ГРУСТИ!
Общеизвестно, что самые маленькие собачки обычно бывают и самыми злыми.
Агадаев был живым доказательством справедливости этого правила “на человеческом уровне”. Не больше полутора метров ростом, с ногами, как у кавалериста, “колесом”, он ходил по территории части с низко опущенной головой и глядел на всех исподлобья взглядом затравленного быка. “Красной тряпкой” для него была – не дай бог! – чья-то улыбка или любое другое проявление хорошего настроения. Особенно – у “молодых”, призвавшихся позжек него. Агадаев тогда тут же подскакивал почти вплотную к “тореадору” и, глядя на него так же, снизу вверх глазами, пьяными от злости, рычал:
– Што смеёшься? Грусти!
– Не люблю, когда смеется! – объяснял он тут же, словно извиняясь, оказавшемуся рядом свидетелю…

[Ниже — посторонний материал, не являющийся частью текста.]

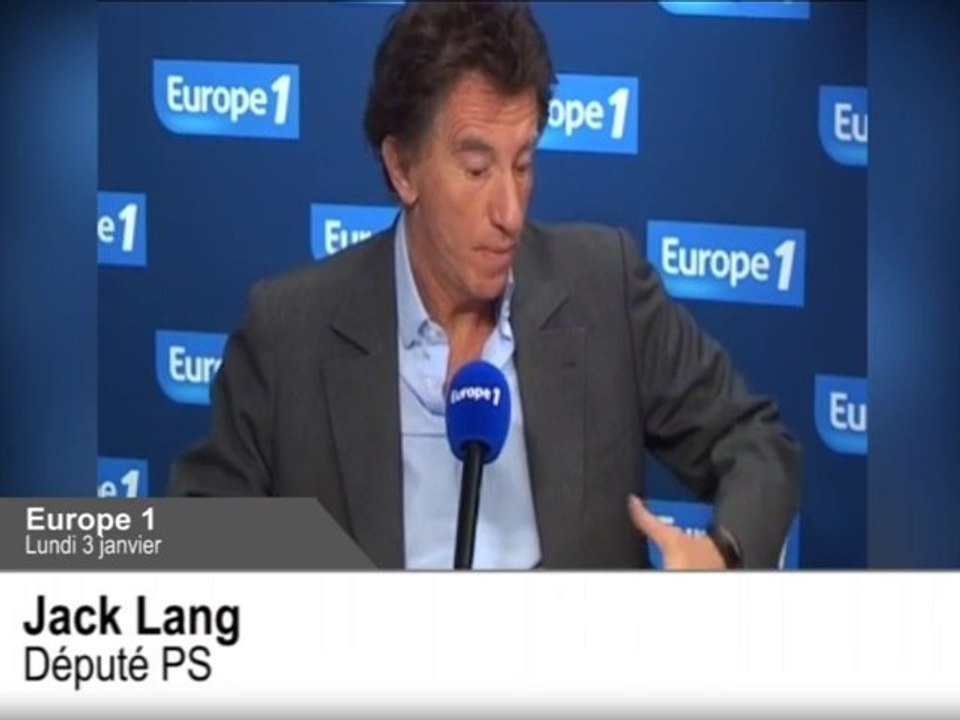 Jack Lang égratigne Manuel Valls sur les 35 heures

Он призвался на пол-года раньше меня из глухого казахского села и его однопризывники говорили, что тогда он вообще ни слова не знал по-русски. Я же застал его, когда он уже говорил почти на тургеневски-чистом русском языке. Во всяком случае, любую свою мысль мог оформить вполне доходчиво для русскослышащего уха. Способным был, видно… Мыслей, правда, было немного. Думаю, первой, которую он научился выражать по-русски, была: “Грусти!”, а так же русские ругательства, которые, почему-то все, призывавшиеся из национальных окраин и не говорящие по-русски, осваивали в первую очередь. Где-то в недрах “особого отдела” лежала, наверное, характеристика, написанная на него, как и на всех солдат, сержантов и офицеров части, командиром дивизиона, подполковником Дириным, и наверняка эта характеристика, как все характеристики, была очень подробной – так требовал “особый отдел”. На самом же деле все особенности агадаевской личности исчерпывающе описывались шестью буквами – злость.
Даже улыбка его была злой и, если – нечаянно! - появлялась на лице, то тут же давилась в зародыше всегда находившемся в боевой готовности караулом злости и, словно прося прощения у себя самого за такое проявление слабости, он возвращался в привычное состояние духа, шипя на - не дай бог! – успевшего в ответ улыбнуться:
– Грусти!
В общем-то, злость Агадаева была вполне безобидной, скорее – просто одной из функций организма и отношение к нему большинства сослуживцев было при этом снисходительно-добродушным, как примерно, к смешному пугалу на огороде. При всём его свирепом виде, не помню, чтобы он кому-то сделал реальное зло.
Сашка Мишенков был единственным агадаевским другом в части. Это ведь только в физике одинаковые частицы отталкиваются, а человек всегда тянется к себе подобному… Они были похожи – оба свободолюбивые, “бурые” и злые.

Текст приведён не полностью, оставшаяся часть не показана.